• AIM OF THE TASK:
Transcribe all the data below exactly, leaving its pictures out.

Records drawn from a dataset:
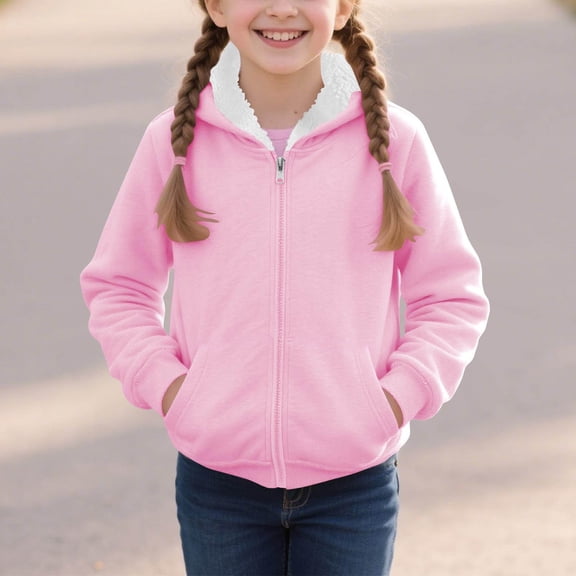 Trikvn Girls Fleece Lined Zip Up Hoodie Winter Warm Heavyweight Sweatshirt Colorblock Hooded Jacket Outerwear with Pockets for Kids Tween Fall Cold Weather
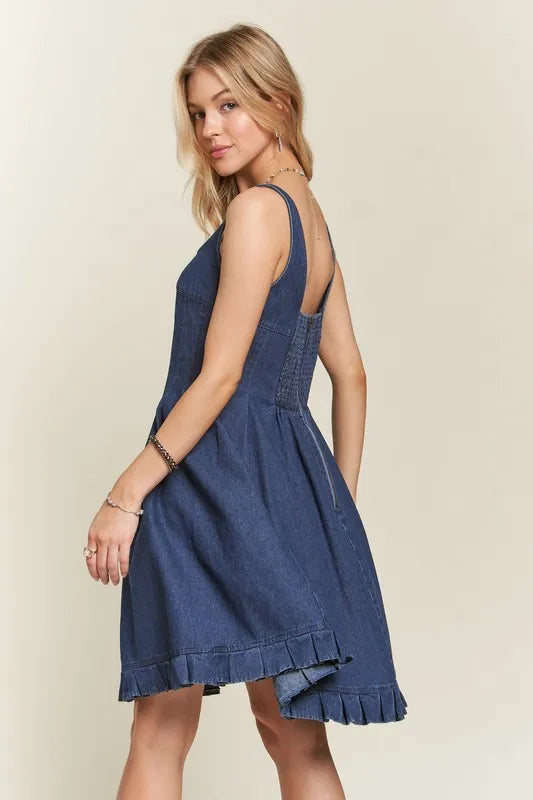 Image of ADORA Smocked Back Square Neck Denim Dress | Queeble.shop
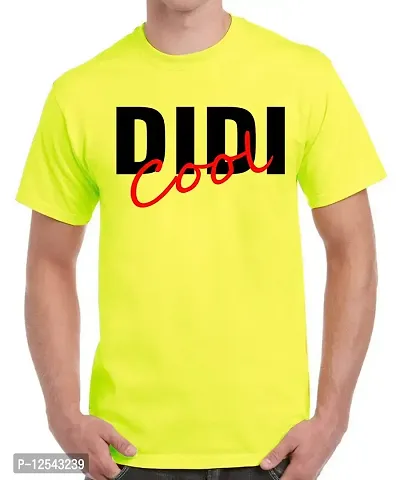 Caseria Men's Round Neck Cotton Half Sleeved T-Shirt with Printed Graphics - Didi Cool (Lemon Yellow, L)-thumb0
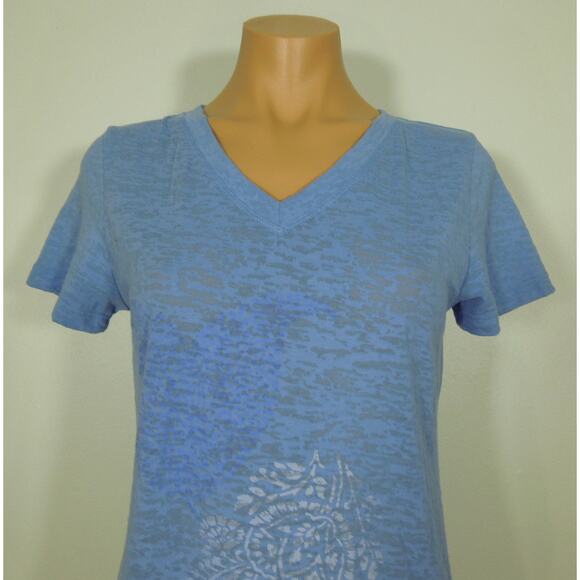 LUCY Top S SMALL Womens Active Sheer Blue V-Neck - Picture 2 of 7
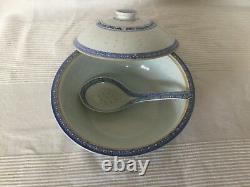 Vintage Chinese Blue & White Porcelain Dinner Bowl & Plate Set For 5(24pieces)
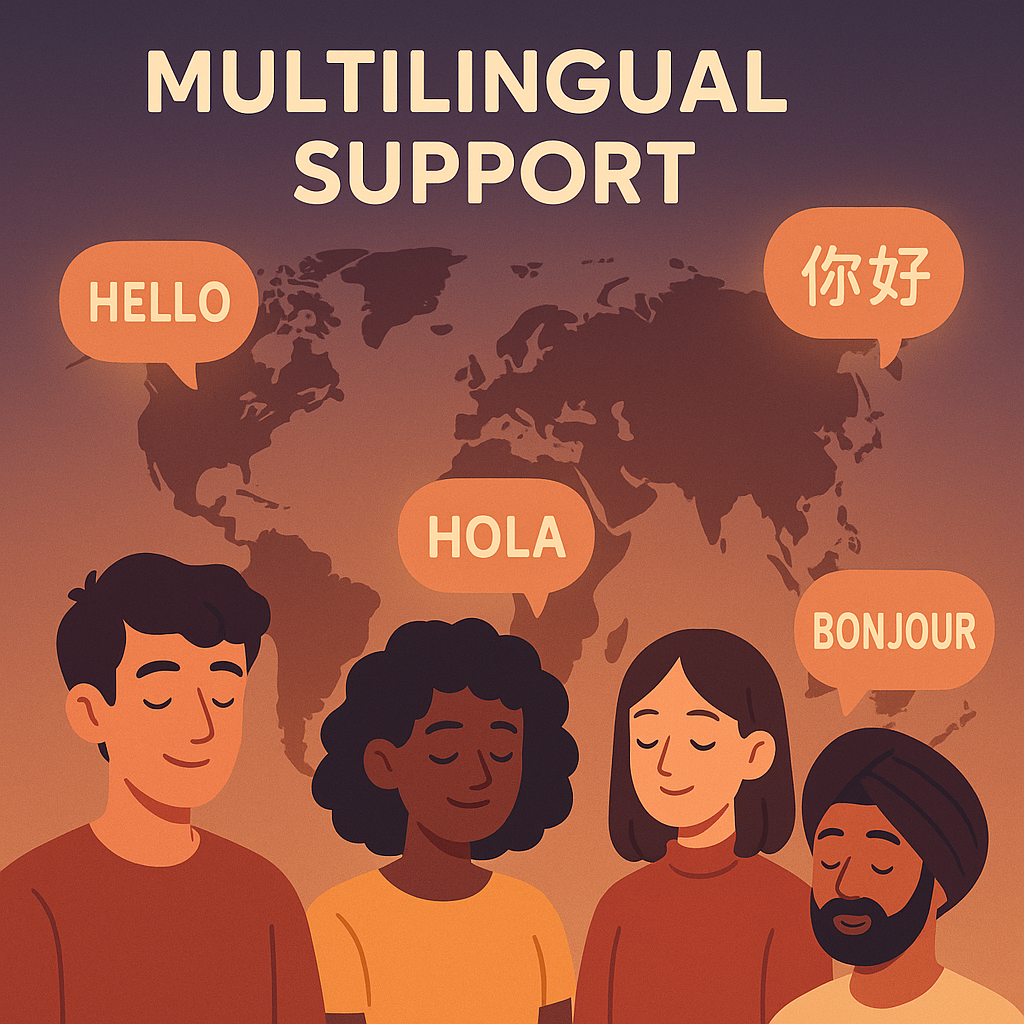 World map showing multilingual support across different regions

• SOLUTION:
 Trikvn Girls Fleece Lined Zip Up Hoodie Winter Warm Heavyweight Sweatshirt Colorblock Hooded Jacket Outerwear with Pockets for Kids Tween Fall Cold Weather
 Image of ADORA Smocked Back Square Neck Denim Dress | Queeble.shop
 Caseria Men's Round Neck Cotton Half Sleeved T-Shirt with Printed Graphics - Didi Cool (Lemon Yellow, L)-thumb0
 LUCY Top S SMALL Womens Active Sheer Blue V-Neck - Picture 2 of 7
 Vintage Chinese Blue & White Porcelain Dinner Bowl & Plate Set For 5(24pieces)
 World map showing multilingual support across different regions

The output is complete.